Published: August 21, 2006

LOS ANGELES, Aug. 20 — When you are Will Smith, there are few places you can’t get in. Last year, one of those places was China.

Government censors allowed only 20 foreign movie imports in 2005, leaving out Mr. Smith’s romantic comedy “Hitch.” The rejection rankled the actor; China is one of the fastest-growing movie markets. So at a gathering of the Sony Corporation’s top management in January, Mr. Smith appealed to the chief executive, Sir Howard Stringer, and a studio executive, Michael Lynton, to introduce him to Chinese producing partners.

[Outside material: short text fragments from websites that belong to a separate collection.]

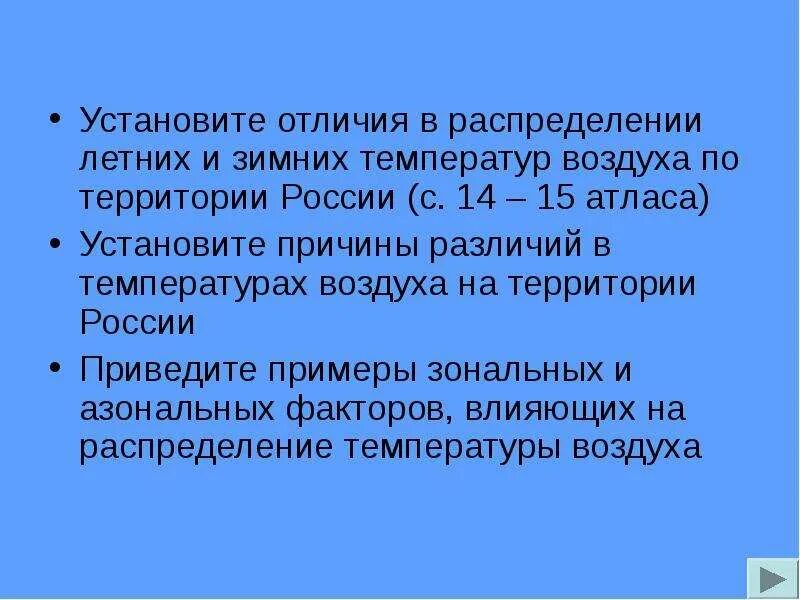 Установите различие. Почему разница дневных и ночных температур летом. Почему зимние температуры ниже летних. Разница дневных и ночных температур летом и зимой. В чём причина того что зимние температуры гораздо ниже летних.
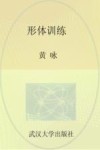 形体训练 封面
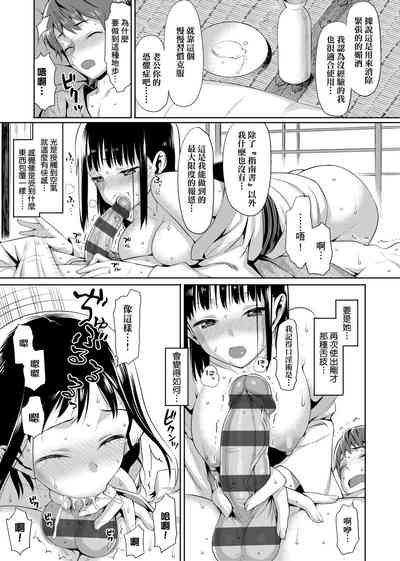 第196页图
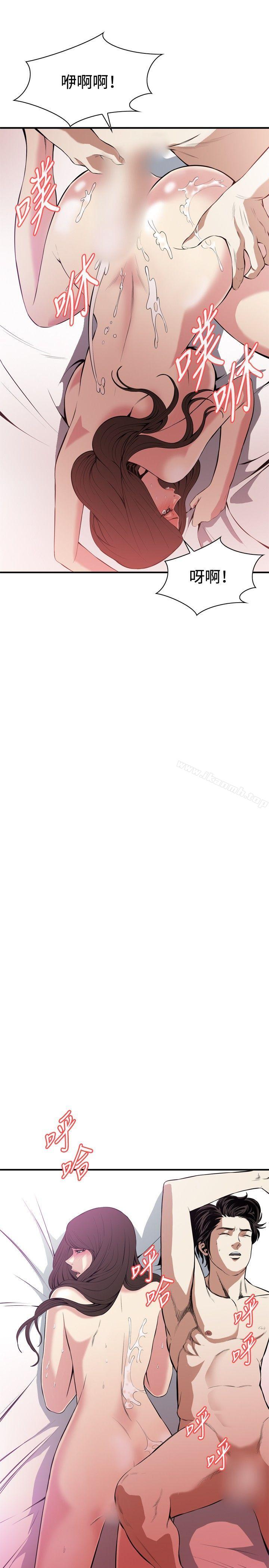 第29话-偷窥（全集无删减）-李乙 , 经文旗（第10张）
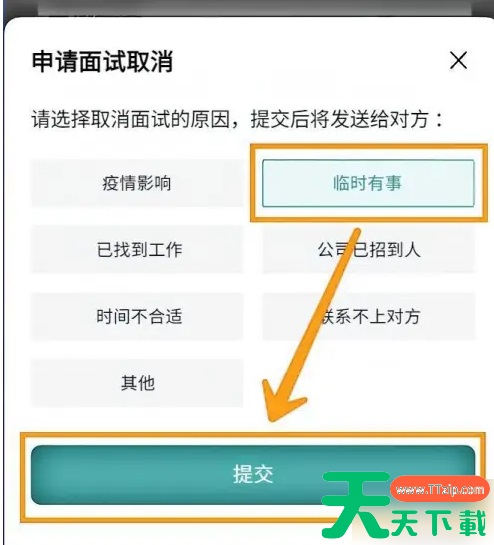 boss直聘怎么取消面试预约 BOSS直聘取消已安排的面试方法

“We can be more helpful in India,” Mr. Lynton told Mr. Smith at their afternoon meeting at the Kahala Resort in Honolulu. India has a robust movie industry with none of China’s political constraints. Mr. Lynton offered to introduce the actor to Indian producers, actors and directors. And the next month Mr. Smith took his first trip to India.

Now he has a deal — to make movies there instead.

Overbrook Entertainment, the company created by Mr. Smith and his business partner, James Lassiter, announced it was working with UTV, a television and film concern run by the entrepreneur Ronnie Screwvala. The two have agreed to produce two movies, neither of which will star the popular Mr. Smith.

UTV will pay the films’ costs up to a specified sum (after that amount, Overbrook has to raise the money) but the burden is on Mr. Smith and Mr. Lassiter to develop a script and hire the cast.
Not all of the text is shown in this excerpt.